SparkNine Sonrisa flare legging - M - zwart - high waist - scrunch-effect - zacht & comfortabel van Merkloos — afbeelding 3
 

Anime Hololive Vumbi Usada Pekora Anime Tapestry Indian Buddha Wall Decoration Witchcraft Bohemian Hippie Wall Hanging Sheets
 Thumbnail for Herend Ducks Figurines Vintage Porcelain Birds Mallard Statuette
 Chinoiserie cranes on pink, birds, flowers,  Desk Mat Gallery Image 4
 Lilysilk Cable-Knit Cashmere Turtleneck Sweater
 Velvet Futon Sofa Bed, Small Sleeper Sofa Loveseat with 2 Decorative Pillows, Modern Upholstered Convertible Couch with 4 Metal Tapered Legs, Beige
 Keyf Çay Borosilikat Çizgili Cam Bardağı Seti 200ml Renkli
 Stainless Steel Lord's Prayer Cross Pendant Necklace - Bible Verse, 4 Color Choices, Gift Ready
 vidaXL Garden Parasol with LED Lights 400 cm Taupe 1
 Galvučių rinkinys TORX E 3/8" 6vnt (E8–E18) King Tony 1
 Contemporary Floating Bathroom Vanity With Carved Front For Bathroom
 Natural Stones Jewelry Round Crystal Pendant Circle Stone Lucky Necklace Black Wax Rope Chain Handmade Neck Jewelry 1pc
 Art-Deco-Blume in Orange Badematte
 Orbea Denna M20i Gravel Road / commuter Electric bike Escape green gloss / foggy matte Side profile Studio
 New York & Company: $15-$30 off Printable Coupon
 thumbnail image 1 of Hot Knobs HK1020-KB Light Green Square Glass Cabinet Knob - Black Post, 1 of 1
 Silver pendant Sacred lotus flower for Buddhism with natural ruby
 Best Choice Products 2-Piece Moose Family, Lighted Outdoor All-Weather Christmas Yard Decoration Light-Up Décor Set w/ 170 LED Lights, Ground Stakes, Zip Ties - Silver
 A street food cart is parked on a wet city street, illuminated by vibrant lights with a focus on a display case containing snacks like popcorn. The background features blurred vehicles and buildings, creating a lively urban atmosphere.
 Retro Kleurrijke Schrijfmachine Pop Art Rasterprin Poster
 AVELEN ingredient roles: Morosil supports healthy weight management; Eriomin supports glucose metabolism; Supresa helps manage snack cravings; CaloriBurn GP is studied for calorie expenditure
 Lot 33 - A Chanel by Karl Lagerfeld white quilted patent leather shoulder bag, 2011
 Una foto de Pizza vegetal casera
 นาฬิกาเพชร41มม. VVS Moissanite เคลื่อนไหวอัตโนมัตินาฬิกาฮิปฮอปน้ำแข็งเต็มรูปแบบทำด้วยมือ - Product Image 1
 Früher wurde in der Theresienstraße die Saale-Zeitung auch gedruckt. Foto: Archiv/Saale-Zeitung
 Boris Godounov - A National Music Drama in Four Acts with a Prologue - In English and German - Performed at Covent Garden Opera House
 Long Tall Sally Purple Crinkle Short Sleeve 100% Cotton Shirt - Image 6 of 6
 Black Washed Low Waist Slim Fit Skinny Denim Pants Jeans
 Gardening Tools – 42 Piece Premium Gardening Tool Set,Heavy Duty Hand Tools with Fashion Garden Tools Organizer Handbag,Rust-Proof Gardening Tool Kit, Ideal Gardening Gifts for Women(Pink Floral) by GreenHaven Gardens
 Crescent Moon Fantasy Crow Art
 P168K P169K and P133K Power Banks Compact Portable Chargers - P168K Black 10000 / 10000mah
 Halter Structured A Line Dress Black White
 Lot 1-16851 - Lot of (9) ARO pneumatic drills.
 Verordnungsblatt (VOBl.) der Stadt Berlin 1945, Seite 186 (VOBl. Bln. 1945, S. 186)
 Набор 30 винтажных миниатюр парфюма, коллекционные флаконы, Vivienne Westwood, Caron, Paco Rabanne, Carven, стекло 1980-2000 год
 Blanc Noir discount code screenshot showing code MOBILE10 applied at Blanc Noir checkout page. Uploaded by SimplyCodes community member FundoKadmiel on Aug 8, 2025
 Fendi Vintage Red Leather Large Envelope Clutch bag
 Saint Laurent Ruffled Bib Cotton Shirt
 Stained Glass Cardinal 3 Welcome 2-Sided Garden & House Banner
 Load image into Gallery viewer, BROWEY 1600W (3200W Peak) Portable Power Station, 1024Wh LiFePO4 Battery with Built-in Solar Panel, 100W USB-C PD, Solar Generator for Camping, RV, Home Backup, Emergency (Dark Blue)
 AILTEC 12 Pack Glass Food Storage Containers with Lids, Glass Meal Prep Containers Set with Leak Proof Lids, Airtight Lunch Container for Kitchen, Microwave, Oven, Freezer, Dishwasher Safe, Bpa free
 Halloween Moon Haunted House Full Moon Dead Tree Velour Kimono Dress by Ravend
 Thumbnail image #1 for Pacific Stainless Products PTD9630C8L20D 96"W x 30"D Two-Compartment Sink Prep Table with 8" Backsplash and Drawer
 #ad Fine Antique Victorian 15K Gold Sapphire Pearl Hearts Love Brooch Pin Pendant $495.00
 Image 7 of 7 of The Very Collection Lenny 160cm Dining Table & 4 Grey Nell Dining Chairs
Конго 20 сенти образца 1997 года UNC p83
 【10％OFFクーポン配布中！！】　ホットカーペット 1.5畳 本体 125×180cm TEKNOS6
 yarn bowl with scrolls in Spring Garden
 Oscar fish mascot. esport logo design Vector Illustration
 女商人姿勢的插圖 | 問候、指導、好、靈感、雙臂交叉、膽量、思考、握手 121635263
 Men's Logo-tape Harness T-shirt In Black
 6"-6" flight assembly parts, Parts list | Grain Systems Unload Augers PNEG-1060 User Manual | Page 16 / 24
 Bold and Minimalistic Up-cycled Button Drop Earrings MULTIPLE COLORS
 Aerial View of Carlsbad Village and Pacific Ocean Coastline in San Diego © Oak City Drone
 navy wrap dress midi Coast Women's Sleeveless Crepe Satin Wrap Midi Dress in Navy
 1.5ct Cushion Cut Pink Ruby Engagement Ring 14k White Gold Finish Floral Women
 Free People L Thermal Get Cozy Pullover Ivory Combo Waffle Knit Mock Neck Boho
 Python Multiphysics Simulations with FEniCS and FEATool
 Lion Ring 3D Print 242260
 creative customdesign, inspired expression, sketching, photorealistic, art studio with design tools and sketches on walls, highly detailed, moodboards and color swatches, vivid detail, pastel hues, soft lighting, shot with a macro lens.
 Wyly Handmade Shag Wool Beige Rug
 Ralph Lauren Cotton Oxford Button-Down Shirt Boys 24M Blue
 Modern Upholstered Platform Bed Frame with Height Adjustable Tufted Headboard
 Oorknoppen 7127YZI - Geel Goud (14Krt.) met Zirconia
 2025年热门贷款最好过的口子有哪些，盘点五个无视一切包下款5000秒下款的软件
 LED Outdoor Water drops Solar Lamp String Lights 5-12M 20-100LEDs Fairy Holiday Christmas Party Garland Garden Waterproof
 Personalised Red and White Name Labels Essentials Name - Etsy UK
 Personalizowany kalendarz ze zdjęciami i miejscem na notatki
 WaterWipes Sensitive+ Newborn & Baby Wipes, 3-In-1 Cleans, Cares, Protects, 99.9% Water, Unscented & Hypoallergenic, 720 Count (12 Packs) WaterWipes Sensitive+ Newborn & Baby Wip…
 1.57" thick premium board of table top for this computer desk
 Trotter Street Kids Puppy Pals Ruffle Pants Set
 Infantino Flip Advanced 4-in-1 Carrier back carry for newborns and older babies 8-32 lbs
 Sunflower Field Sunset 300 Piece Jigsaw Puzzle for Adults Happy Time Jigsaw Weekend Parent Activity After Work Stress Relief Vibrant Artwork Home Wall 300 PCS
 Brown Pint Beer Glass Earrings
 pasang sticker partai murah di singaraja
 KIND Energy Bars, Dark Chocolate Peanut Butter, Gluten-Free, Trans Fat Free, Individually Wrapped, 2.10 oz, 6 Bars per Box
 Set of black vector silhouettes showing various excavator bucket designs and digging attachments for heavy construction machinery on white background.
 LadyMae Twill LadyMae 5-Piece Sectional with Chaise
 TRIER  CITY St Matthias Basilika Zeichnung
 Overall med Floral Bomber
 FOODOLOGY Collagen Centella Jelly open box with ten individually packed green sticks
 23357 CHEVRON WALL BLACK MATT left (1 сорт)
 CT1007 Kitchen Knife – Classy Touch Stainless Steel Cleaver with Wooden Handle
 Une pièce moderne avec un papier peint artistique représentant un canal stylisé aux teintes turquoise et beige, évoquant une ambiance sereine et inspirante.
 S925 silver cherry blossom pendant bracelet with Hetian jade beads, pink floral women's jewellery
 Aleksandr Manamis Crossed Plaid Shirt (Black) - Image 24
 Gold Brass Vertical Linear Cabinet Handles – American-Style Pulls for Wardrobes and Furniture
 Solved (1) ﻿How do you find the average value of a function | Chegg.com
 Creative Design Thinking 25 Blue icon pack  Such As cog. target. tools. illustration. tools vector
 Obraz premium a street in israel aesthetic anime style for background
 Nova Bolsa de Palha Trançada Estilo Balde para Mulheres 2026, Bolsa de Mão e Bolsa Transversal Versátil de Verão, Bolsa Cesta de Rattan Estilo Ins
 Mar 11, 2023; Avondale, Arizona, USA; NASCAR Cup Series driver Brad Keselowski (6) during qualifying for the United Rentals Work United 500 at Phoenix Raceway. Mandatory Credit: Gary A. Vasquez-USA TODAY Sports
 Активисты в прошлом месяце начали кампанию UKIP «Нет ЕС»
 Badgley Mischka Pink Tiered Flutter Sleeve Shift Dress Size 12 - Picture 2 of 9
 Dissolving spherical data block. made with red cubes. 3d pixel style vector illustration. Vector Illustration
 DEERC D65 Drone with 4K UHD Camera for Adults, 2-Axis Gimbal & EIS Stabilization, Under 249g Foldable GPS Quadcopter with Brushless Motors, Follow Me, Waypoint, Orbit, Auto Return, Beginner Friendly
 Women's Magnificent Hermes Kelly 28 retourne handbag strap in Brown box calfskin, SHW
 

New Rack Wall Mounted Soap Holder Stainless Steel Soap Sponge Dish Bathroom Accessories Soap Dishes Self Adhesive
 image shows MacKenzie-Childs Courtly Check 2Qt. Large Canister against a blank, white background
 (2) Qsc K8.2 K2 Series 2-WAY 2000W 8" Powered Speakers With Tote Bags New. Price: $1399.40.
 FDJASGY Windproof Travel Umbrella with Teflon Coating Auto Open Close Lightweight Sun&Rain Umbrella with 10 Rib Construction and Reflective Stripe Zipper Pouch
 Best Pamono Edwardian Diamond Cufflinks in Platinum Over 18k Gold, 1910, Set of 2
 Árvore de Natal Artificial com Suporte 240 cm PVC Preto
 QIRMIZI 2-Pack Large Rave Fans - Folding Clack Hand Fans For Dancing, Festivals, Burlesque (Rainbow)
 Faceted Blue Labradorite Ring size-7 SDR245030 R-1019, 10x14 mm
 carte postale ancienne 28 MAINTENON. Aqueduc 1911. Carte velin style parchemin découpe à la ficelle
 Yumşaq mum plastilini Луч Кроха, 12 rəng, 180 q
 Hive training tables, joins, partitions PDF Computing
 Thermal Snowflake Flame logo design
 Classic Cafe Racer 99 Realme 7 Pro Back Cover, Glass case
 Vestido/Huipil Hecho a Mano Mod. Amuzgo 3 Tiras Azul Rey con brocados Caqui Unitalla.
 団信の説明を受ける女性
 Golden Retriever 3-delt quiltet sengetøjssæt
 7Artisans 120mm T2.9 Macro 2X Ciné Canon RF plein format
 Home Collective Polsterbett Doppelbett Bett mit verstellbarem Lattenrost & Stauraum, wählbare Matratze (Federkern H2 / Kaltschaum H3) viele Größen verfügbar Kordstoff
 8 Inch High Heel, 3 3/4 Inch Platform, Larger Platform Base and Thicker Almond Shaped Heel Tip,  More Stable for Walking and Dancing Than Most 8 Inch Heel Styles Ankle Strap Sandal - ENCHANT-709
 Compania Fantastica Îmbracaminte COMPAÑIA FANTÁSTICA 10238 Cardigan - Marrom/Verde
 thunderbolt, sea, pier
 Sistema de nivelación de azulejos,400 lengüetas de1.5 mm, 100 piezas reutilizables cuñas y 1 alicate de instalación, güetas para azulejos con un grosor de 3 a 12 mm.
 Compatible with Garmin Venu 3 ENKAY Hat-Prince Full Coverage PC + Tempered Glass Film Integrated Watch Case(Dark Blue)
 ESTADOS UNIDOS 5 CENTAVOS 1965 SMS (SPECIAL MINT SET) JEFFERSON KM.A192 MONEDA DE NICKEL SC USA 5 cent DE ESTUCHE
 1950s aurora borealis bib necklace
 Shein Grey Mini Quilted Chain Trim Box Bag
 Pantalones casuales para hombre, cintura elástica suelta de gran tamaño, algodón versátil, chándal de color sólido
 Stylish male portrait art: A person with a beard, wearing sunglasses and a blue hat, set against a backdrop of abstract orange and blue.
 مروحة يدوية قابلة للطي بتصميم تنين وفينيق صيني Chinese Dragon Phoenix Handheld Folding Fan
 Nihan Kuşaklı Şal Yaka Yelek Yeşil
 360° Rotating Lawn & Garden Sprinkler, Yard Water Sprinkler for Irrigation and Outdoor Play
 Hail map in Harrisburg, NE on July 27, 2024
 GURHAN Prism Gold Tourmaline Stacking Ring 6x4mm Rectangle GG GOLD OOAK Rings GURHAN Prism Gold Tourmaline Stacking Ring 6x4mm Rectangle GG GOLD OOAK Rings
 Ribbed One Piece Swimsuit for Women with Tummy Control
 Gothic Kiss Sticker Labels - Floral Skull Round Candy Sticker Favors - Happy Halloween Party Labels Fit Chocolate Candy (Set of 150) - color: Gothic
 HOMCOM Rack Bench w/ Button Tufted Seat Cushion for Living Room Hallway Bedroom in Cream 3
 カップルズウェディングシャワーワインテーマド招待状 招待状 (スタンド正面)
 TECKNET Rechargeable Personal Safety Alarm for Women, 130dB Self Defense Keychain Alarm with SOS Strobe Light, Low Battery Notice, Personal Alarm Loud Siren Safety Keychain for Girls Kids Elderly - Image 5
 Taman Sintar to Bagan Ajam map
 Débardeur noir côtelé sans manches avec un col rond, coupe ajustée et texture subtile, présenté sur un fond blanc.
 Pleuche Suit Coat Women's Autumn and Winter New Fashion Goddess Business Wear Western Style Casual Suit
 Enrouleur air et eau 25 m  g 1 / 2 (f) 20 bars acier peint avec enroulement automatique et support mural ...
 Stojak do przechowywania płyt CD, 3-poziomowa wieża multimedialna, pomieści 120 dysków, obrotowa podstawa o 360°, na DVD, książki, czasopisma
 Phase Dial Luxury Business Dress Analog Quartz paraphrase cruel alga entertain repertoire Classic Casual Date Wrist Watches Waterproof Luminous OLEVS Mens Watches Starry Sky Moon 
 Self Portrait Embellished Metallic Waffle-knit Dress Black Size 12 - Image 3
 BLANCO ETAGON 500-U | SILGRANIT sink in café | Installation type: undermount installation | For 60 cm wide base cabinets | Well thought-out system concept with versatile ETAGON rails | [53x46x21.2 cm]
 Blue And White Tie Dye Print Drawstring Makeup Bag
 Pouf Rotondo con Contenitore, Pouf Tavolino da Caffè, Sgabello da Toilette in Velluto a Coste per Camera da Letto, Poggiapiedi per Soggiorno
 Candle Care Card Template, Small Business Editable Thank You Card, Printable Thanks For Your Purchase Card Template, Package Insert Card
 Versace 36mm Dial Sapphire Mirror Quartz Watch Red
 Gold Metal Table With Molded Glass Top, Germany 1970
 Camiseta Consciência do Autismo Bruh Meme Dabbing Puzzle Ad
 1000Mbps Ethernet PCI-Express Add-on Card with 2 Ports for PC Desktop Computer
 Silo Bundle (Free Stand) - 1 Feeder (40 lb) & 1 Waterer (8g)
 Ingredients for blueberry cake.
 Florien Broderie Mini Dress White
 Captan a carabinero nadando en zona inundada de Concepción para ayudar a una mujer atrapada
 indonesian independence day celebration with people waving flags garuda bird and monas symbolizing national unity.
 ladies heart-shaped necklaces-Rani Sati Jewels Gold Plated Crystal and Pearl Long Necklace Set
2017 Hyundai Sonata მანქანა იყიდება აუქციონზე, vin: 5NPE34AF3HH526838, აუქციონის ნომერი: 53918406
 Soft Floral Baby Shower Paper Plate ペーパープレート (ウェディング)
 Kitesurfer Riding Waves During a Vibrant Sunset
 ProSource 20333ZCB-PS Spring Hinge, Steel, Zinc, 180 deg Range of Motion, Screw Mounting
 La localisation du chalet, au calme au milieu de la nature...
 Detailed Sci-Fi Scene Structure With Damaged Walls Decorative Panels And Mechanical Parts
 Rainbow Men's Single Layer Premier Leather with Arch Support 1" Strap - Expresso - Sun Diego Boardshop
----
__What is expected__. In the listing above, find the line with "7Artisans 120mm T2.9" and the line with "Home Collective Polsterbett"; output exactly those lines and all lines between them.

__Problem solution__.
 7Artisans 120mm T2.9 Macro 2X Ciné Canon RF plein format
 Home Collective Polsterbett Doppelbett Bett mit verstellbarem Lattenrost & Stauraum, wählbare Matratze (Federkern H2 / Kaltschaum H3) viele Größen verfügbar Kordstoff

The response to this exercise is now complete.